Pulp Friction: Top Ten Reasons to choose Java over Python et al
Posted by evanx on November 9, 2006 at 11:43 AM EST
Come of think of it, this can be Java versus Python and all the other scripting languages, ouch!
- Beauty. No legacy underscores. Nuf sed.
- Java has long, clear, unabbreviated names.
- With Java, IDEs come standard so that you don't have to type those long names. Phew!
- Sooo many vendors support Java, except Microsoft. Microsoft supports IronPython, which doesn't help my pro Java arguments, so ssh ssh.
- Java runs Python and many other languages including Java! Ok, it's not fair comparing a VM to a language, but i couldn't resist.
- Java has a well funded community, whereas Pythonistas have to be naturally enthusiastic.
- Java is strongly typed, so we don't have to write unit tests, and can rely on blind luck more.

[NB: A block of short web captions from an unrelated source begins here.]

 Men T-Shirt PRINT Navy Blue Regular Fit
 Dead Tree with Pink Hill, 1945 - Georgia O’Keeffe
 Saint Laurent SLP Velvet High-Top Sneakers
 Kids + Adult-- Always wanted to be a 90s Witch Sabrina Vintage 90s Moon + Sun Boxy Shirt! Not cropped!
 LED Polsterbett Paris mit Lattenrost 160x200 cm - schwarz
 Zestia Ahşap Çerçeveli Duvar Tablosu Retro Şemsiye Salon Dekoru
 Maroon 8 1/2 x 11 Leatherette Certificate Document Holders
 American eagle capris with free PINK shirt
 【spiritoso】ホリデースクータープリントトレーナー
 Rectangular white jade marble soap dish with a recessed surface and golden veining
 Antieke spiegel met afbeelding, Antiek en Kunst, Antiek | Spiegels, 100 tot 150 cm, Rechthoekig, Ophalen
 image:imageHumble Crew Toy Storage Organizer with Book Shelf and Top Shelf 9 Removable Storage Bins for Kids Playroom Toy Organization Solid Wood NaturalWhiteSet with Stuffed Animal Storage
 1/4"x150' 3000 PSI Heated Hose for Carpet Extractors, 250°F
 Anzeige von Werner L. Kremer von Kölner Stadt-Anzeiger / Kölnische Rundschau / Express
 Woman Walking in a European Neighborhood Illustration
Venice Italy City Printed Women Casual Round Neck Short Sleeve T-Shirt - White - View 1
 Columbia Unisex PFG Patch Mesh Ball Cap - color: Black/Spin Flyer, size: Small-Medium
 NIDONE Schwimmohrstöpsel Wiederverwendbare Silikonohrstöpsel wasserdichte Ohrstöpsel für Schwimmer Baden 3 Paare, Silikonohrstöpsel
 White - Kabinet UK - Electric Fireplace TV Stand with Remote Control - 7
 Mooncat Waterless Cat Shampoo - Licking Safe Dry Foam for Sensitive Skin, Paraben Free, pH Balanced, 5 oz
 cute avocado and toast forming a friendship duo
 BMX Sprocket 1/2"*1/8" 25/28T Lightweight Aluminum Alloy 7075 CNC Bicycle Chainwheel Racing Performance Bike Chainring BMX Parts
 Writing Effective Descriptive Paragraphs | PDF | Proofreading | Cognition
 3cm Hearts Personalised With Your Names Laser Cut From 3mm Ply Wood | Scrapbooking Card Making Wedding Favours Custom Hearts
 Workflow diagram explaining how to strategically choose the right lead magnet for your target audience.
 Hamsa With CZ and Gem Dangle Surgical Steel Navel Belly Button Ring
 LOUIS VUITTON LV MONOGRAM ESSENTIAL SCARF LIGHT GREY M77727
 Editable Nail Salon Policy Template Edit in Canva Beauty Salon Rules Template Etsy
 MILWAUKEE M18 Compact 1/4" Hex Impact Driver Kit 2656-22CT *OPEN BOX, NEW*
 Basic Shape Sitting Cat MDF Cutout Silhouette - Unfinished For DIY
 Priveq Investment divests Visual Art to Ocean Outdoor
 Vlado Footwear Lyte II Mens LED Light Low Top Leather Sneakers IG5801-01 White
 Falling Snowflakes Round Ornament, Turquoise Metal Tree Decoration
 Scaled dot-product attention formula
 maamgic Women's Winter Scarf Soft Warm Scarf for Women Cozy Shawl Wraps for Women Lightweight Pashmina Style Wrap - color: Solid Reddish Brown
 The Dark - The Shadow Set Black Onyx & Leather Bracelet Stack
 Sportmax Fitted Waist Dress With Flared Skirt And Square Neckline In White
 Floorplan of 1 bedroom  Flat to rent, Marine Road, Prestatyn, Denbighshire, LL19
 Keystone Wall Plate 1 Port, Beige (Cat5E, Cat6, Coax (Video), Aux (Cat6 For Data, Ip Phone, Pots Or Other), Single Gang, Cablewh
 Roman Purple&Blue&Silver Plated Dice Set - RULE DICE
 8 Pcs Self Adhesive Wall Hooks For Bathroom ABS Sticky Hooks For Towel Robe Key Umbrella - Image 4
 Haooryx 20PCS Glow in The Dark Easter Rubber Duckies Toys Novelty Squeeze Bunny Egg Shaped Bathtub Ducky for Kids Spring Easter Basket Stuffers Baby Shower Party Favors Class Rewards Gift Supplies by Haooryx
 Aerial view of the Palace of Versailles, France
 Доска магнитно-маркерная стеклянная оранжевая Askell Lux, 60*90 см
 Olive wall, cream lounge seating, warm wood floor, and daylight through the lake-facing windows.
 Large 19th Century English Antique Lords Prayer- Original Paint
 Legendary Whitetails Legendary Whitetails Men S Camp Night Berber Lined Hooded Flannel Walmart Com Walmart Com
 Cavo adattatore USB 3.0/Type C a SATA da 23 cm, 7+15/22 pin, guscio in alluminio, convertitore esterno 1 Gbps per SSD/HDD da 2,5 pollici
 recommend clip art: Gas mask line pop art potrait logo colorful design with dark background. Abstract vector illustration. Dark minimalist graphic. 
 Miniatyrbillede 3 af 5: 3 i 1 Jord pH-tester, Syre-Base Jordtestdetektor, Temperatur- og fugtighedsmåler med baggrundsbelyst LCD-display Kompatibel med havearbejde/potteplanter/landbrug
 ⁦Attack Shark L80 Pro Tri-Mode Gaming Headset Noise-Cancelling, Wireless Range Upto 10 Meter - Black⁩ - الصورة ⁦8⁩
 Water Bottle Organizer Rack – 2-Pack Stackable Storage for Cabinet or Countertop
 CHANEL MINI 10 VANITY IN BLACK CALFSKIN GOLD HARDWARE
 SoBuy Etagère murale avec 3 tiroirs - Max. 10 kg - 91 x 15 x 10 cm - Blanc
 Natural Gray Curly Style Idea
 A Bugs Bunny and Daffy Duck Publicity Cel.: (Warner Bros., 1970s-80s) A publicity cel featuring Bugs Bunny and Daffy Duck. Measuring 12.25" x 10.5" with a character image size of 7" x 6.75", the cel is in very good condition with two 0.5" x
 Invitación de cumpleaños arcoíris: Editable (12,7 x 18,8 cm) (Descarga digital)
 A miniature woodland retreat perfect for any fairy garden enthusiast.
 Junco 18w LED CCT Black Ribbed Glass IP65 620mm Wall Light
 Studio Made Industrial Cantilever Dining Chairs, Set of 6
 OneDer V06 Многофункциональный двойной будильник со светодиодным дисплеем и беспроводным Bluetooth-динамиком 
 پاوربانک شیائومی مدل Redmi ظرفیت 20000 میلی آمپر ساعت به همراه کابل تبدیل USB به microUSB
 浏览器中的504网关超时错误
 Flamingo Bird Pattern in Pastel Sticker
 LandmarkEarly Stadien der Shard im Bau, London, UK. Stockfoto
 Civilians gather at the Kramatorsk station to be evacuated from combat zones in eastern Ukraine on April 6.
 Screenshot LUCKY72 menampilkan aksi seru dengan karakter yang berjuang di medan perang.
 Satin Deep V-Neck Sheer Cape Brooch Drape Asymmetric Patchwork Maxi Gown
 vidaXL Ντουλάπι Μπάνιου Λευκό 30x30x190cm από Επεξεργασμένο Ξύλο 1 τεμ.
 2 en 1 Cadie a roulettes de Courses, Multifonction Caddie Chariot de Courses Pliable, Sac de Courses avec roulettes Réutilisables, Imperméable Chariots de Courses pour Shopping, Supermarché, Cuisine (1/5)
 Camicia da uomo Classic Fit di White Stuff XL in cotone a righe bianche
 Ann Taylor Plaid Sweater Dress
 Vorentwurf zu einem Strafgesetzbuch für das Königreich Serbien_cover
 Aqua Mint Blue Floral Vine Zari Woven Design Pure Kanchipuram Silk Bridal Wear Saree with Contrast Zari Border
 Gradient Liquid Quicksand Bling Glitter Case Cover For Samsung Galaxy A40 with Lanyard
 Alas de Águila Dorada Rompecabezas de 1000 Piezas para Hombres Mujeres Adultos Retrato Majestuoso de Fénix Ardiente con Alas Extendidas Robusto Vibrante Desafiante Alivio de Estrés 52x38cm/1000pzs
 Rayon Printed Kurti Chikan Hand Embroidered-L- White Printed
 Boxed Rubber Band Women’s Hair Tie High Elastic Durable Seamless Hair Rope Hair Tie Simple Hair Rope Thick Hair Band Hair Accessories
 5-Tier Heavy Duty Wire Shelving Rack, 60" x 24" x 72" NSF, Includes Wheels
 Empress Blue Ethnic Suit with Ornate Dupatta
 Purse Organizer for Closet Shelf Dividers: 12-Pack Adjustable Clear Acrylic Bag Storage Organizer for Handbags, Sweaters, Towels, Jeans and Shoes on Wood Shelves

- It takes longer in Java, which helps a lot when you're getting paid by the hour. "Wa wa we waa!"
- Java rules the Enterprise, if you exclude that SAP thingy.
- Java rules the Web, if you exclude those ASP and LAMP thingies - and Python is only one of three P's in LAMP, so...
- Java rules the Desktop, if you exclude C/C++, Objective-C, and all the stuff from the desktop monopoly.
- Java rules the Mobile, period... for now.
- Java is no good at system tasks, so it gives us a good cop-out for avoiding those.
- Java never gets compared to, or confused with, Perl.
- Java has an enterprise version. Quite a few actually.
- Java has more opensource projects, more toolkits, more IDEs, more jobs, more verbosity, more everything!
Please gimme some help getting this up to a Top 20, or where to slim it down to a Top 10, and/or which are your top Top reasons, and/or bottom Top reasons, for or against, Java or Python, or dynamic scripting languages in general?!